Huayllay National Sanctuary is a park in Peru located in the Meseta of Bombón in the Huayllay District of Pasco Region. The sanctuary is noted for the large scenic rock formations of the rock forest of Huayllay (Spanish: Bosque de Rocas) and its native plants and animals.

==Geology ==
The rock formations date to the beginning of the Cenozoic age. They were initially formed when volcanic activity deposited layers of hardened volcanic ash, or ignimbrite on the landscape, forming a plateau atop layers of sandstone, limestone, and conglomerate. Ignimbrite is a porous rock, so it is particularly vulnerable to erosion.
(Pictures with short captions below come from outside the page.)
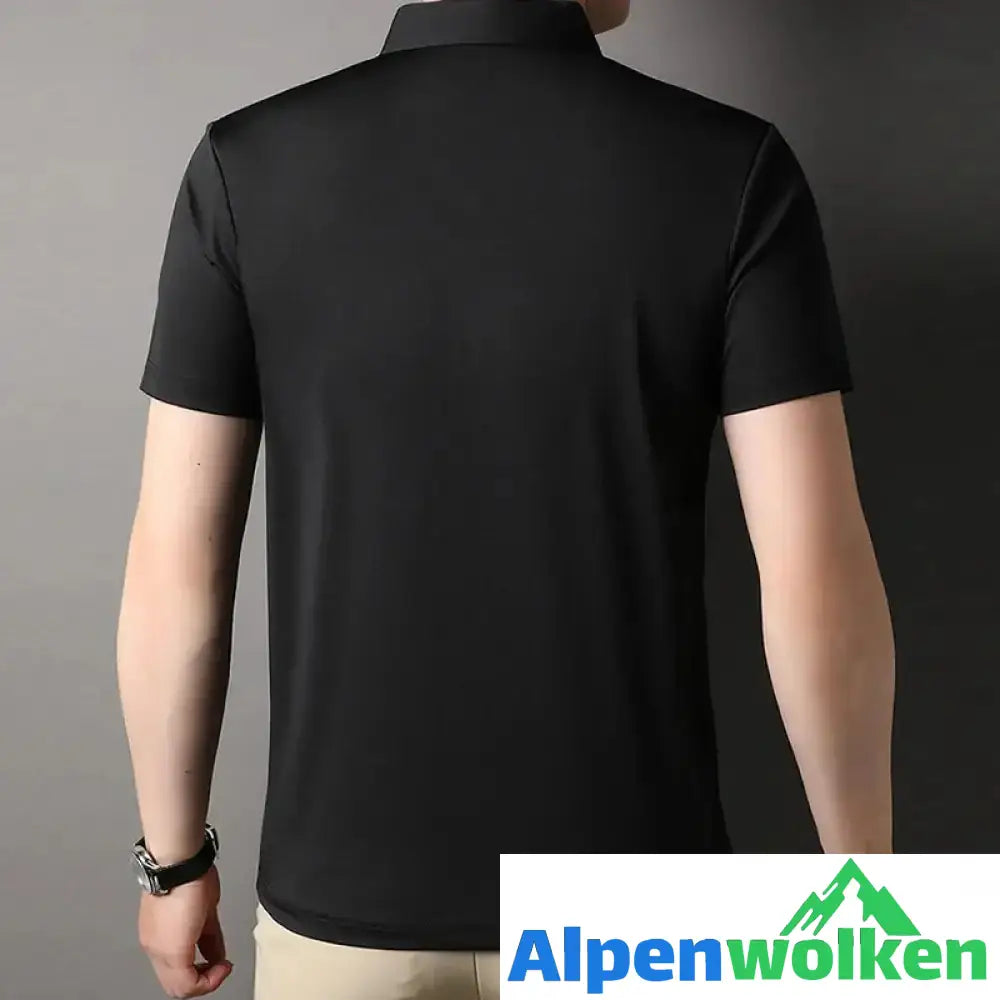 Alpenwolken - Atmungsaktives T-Shirt mit Streifendruck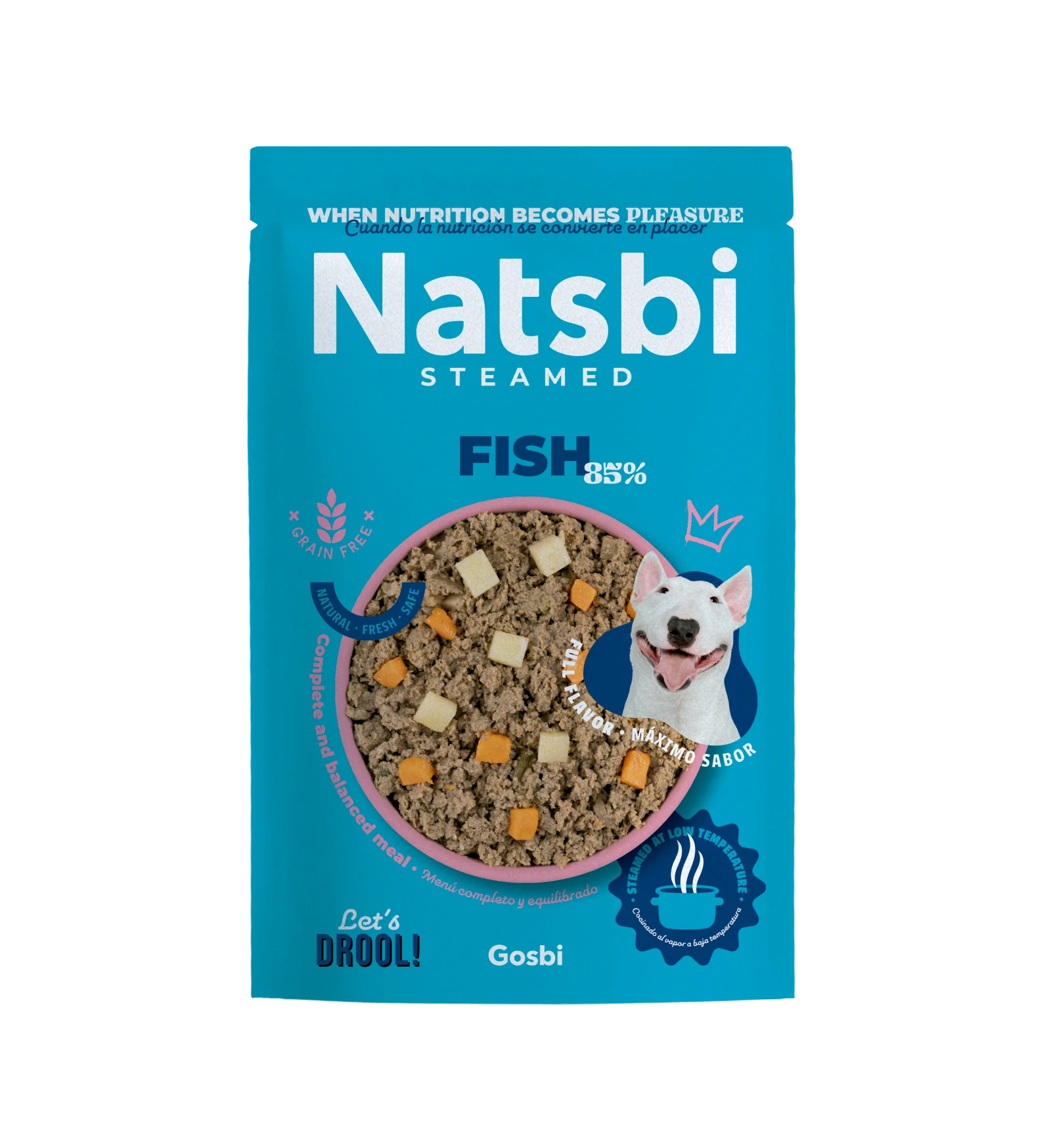 NATSBI DOG STEAMED FISH 500 G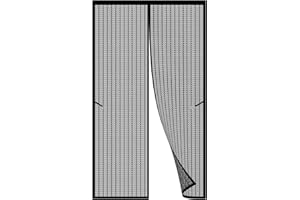 DOGUO Kit Zanzariera Per Finestra Grande 130 x 300 cm Tenda Totalmente Magnetica Non Richiede Perforazione Tenda Anti Zanzare Insetti Zanzariera Porta Finestra, Nero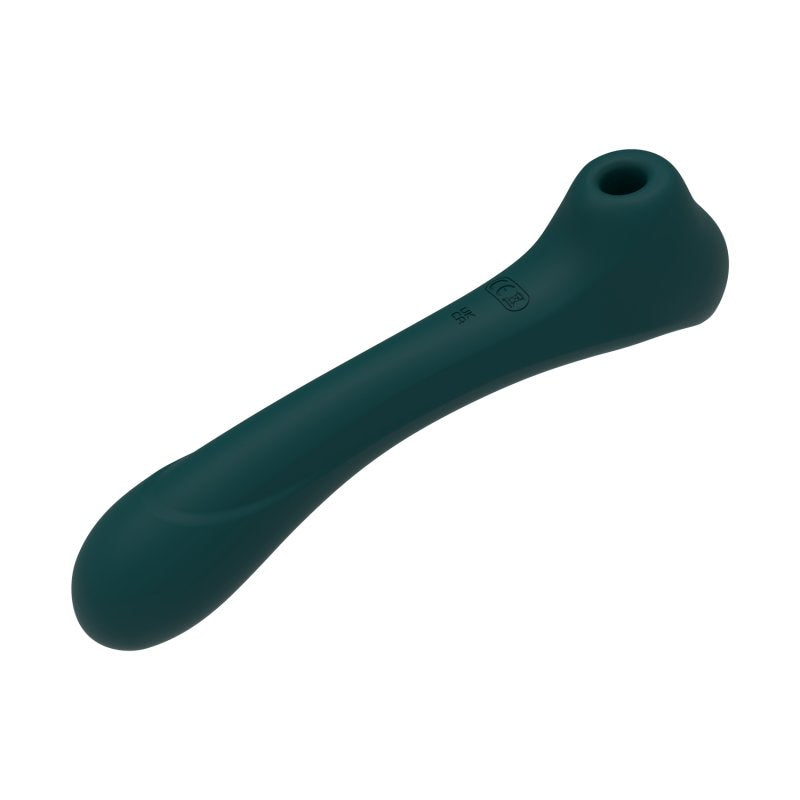 Alive Quiver Clitoral Massager Teal with 10 Vibration and Suction Modes, 20.2 cm > Sex Toys For Ladies > Air Pulsation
Approximately 20,000 years ago, during the most recent ice age, the cycle of freezing, thawing, and re-freezing of snow on the plateau caused meltwater to filter into the cracks in the rock and enlarge them. Eventually, this resulted in large portions of the rock crumbling away, leaving the deeply eroded formations that now comprise the Bosque de Rocas.

The formations are sometimes compared to Shilin Stone Forest in China and Garden of the Gods in the US, as these locations are also dramatically eroded landscapes.

==Recreation==
The rock forest is a major tourist attraction in Peru, for both hiking and sightseeing. It is also an international destination for rock climbers.

==Extension and climate==
The surface area of the district is 607 km2. The climate is cold and dry, with temperatures that vary between 13.8 and -8 C.